Nisga’a Nation Chief Earl Stephens says he shook with emotion when he saw for the first time a memorial totem pole with deep ties to his family and spiritual significance to the Indigenous people of British Columbia’s Nass Valley on display at Scotland’s National Museum.
He touched the red cedar pole and spoke to it in the Nisga’a language as officials from the national museum quietly observed, said Stephens.
The chief said he was celebrating Thursday after the museum’s board of trustees agreed to transfer the 11-metre memorial totem pole, which has been on display at the Edinburgh institution since 1930, back to Nisga’a territory.
“The pole is part of a living being,” Stephens said in an interview from the Nisga’a village of Laxgalts’ap.
It carries the spirit of his great, great grandmother, which is why it’s so important to bring it back to the Nisga’a lands where it came from, he said.
The museum said its board of trustees approved the First Nation’s request to transfer the pole back to its home in northwestern B.C.
A delegation of Nisga’a leaders travelled to Edinburgh last August to ask that the memorial pole be returned to their territory.
Stephens said the Nisga’a people believe the hand-carved pole is alive with the spirit of his ancestor and it’s now coming home to rest.
He said it means a great deal to have the Ni’isjoohl memorial pole returned to the Nisga’a lands, so family, nation and future generations can connect with the living history.
“Being able to stand there and touch it and talk in our own language, it was really, really moving,” said Stephens. “They saw and heard me and they saw how I felt.”
The memorial pole was taken without consent in 1929 by an ethnographer researching Nisga’a village life, who then sold it to the Scottish museum where it has been on display since 1930.
A museum statement says it was carved from red cedar in 1855 in memorial of Ts’aawit, a Nisga’a chief.
The pole includes a series of interlocking figures relating to the chief’s family history through his ancestors, family crests and his clan, says the museum.
It originally stood in front of the home of the chief’s relatives located near B.C.’s Nass River and is currently on display in the Living Lands gallery at the National Museum of Scotland, it says.
The museum’s decision to bring the memorial totem back to its home adds to the ongoing story of the history of the Nisga’a Nation, said Dr.
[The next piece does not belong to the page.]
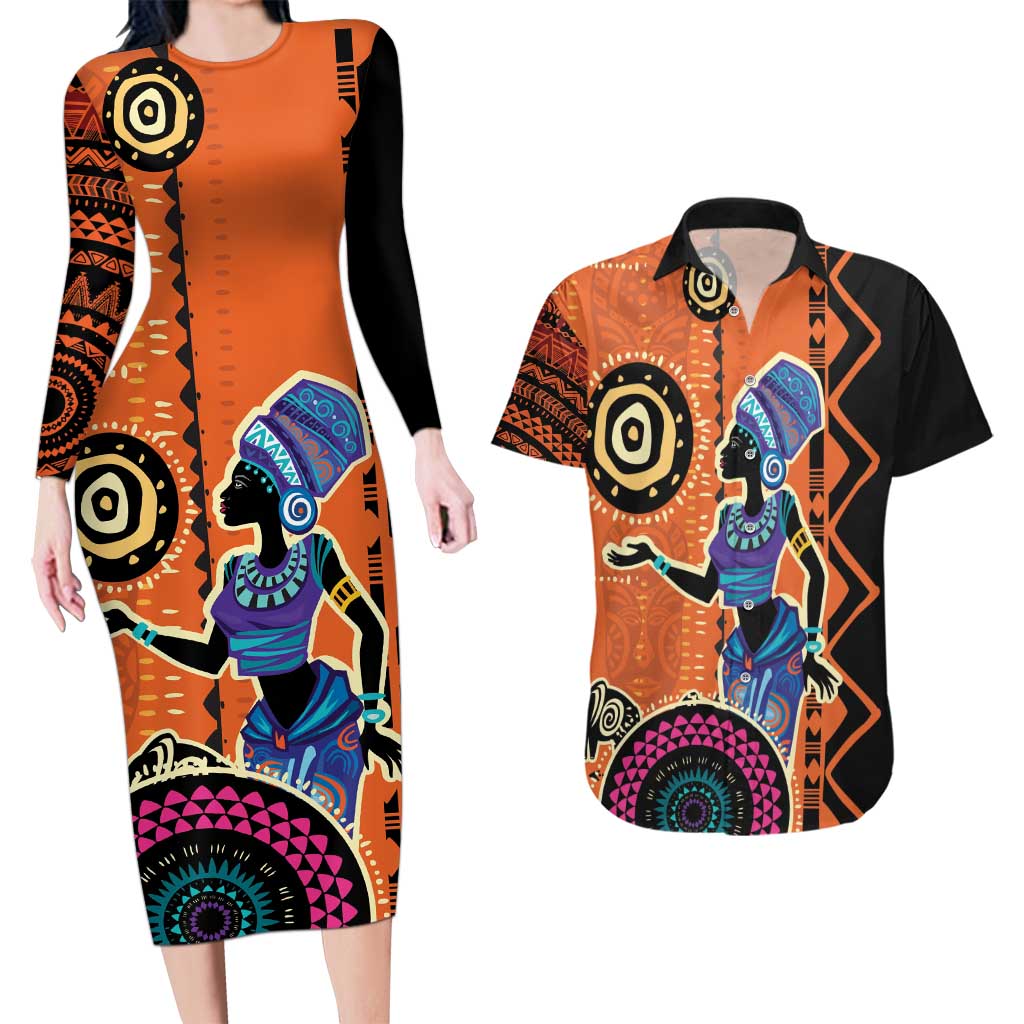 African Woman In Ethnic Dress Couples Matching Long Sleeve Bodycon Dress and Hawaiian Shirt Ethnic Geometric Patterns - Wonder Print Shop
Amy Parent, Canada Research Chair in Indigenous education and governance.
“Our hearts have been moved with the commitment to return our family’s cultural treasure, which enables us to create a new story to re-right a colonial wrong with the honour, dignity and solidarity of the Scottish peoples who are walking beside us on our decolonizing journeys,” she said in a statement.
The repatriation of the Nisga’a memorial totem pole is a historic moment for the Nisga’a and other Indigenous Peoples, Parent said in an interview.
“We really hope that our story inspires our Indigenous relatives around the world to know that the impossible is possible when challenging colonial structures for the repatriation of our stolen cultural treasures and that justice for ancestors will prevail,” she said.
The museum said it will begin planning the safe removal of the totem from its display location and prepare it for transport to B.C.
“We are pleased to have reached this agreement and to be able to transfer the memorial pole to its people and to the place where its spiritual significance is most keenly understood,” said Chris Breward, the director of National Museums Scotland, in a statement. “We hope this is not the end of the process but the next step in a fruitful and ongoing relationship with the Nisga’a.”
The decision to transfer the memorial totem back to the Nisga’a Nation required and received the approval of the Scottish government, said Ian Russell, board chairman of the trustees of National Museums Scotland.